* _Assignment_
The reply is to contain the full listing, repeated exactly, with pictures left out.

* _Given data_
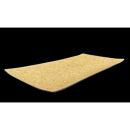 波レクタングルプレート&nbsp;&nbsp;乱糸（マット仕上げ）漆白［NF104］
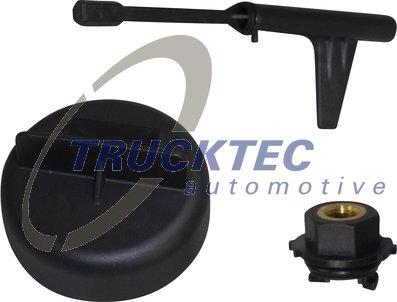 Trucktec Automotive 02.25.109 - Uzpildes adapteru komplekts, Pārnesumkārba autodraugiem.lv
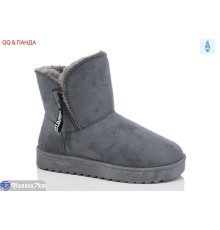 Уггі жіночі на зиму (8 пар р.37-42) сірий  "QQ&Панда"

* _Your solution_
 波レクタングルプレート&nbsp;&nbsp;乱糸（マット仕上げ）漆白［NF104］
 Trucktec Automotive 02.25.109 - Uzpildes adapteru komplekts, Pārnesumkārba autodraugiem.lv
 Уггі жіночі на зиму (8 пар р.37-42) сірий  "QQ&Панда"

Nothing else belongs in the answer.